COO at charity: water View Full Profile

Highlights from the Transcript

  • On holding onto your early energy and enthusiasm: “charity: water today feels similar to the early days when it was just a small group of us working around the clock. One of our values is excellence. The way I interpret that is the relentless pursuit of more. We never finish something before we’re dreaming up the next thing; That constant energy and drive has been persistent since the early days.” 
  • On staying calm under pressure: “I try to stay as calm as possible. It’s hard to get me riled up. I like to be even and solutions oriented. I try to constantly be thinking: What are the next five options to solve this? No problem is insurmountable. There is always a way you can persevere and get through it. Things always work out and leave you with a good story.”
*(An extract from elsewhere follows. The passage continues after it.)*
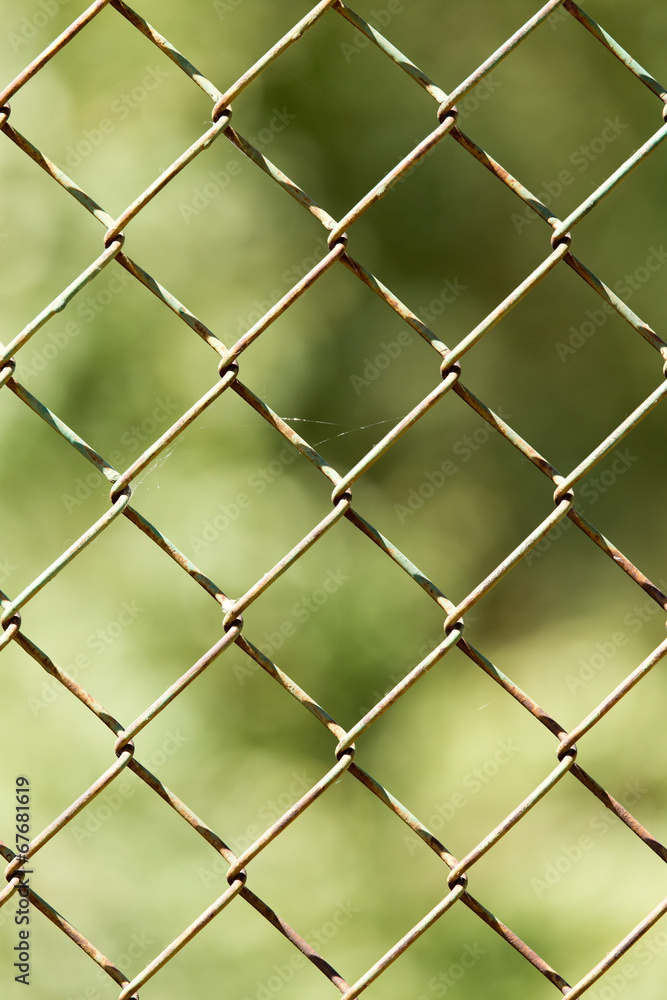 Fototapeta premium close up pattern Barb Wire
  • On creating her own career path: “I’ve held almost every position in this organization and have been able to touch so many different parts of it, from creative and marketing, to product and engineering, building our donor relationships and more. That has allowed me to push past the edge of things I never imagined myself doing. Growth doesn’t always look linear: Going from senior director to manager then executive. The question should be: What new challenge do you want to try? How are you going to bring your own unique perspective and expertise to something you haven’t done before?” 
  • On not focusing on titles: “If I would have been focused on titles I would have shortsighted myself. Titles and compensation are important but they aren’t the most important thing. They aren’t going to change your life. What’s going to change your life, career trajectory, and everything else is the passion and heart that you put in…For me, I’ve never been driven by thinking 'I can’t wait to be XYZ at the company’ or making a certain amount of money. It’s always been about the type of work I was doing and the people I was doing it with. I would have never been here or experienced any of this if I kept following the path I moved to New York to pursue. If I didn’t take risks that fell outside the course I saw for myself I’d be in a different place and I’m very happy about the place I am in now.”
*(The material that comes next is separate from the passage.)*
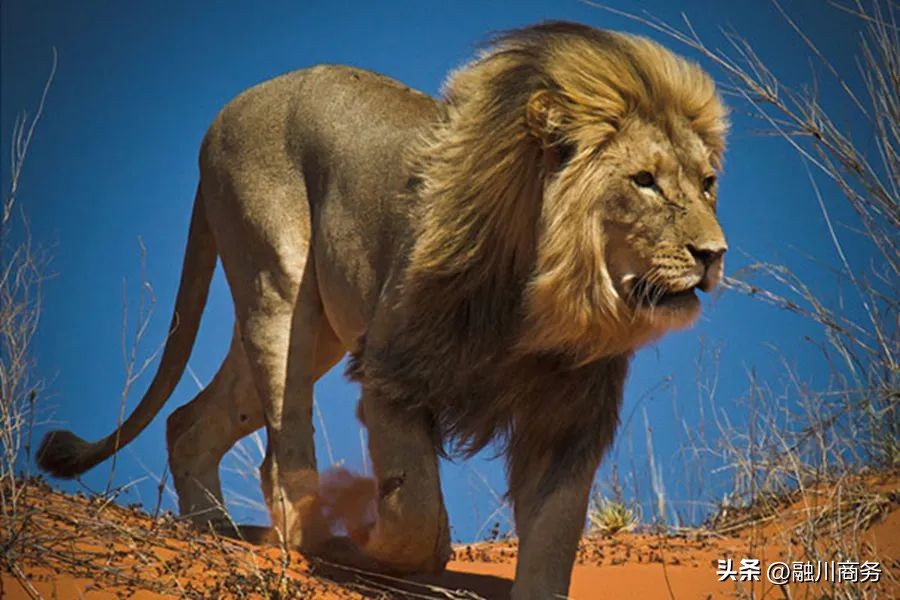 期货散户如何做量化交易,期货如何从小资金做大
  • On “keeping your eyes and mind open”: “I am someone who goes deep on things and tends to like to know the answer before someone asks the question. That can get in the way of being open minded and listening. Surrounding myself with really smart people who I respect has helped me widen my perspective, become a better listener, and see things from different lenses. That’s come with me as I’ve grown and is something I want to continue to set as an intention: Zooming out, seeing things from other points of view, and being open and accepting that things can be solved in many different ways.” 
  • On being a constant learner: “I learn something from every person and every conversation, every day.” 
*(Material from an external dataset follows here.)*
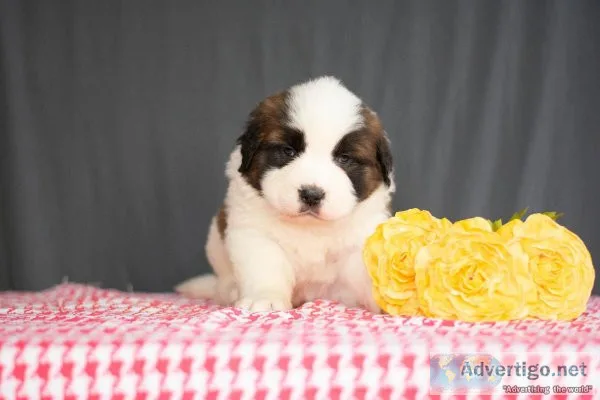 Daisy - Saint Bernard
  • On owning your role: “My husband Michael, who was CFO at charity: water, and I have honed in on our love of being a number two…I am a generalist, operator, and executor, but that doesn’t mean you can’t have big ideas and dreams and be a strategist. I remember us zeroing in on the idea, which is one I think I heard Miguel, the co-founder of WeWork, share, that we like being right next to the light. Scott is an incredible inspiration and I don’t know anyone who works as hard and cares so much. I care so much about every single detail of what we do and I really learned that from him. He’s done an incredible job of building an organization where the values are the core part of who we are and stay with us. That level of integrity to oneself is another really compelling thing I have seen.” 
  • On dreaming: “I have recently found this ability to dream and think about ideas at a scale that I hadn’t allowed myself to previously…There’s a shift of tapping into my creative self that hasn’t been as well explored in my execution mode as it can be in my exploratory mode.”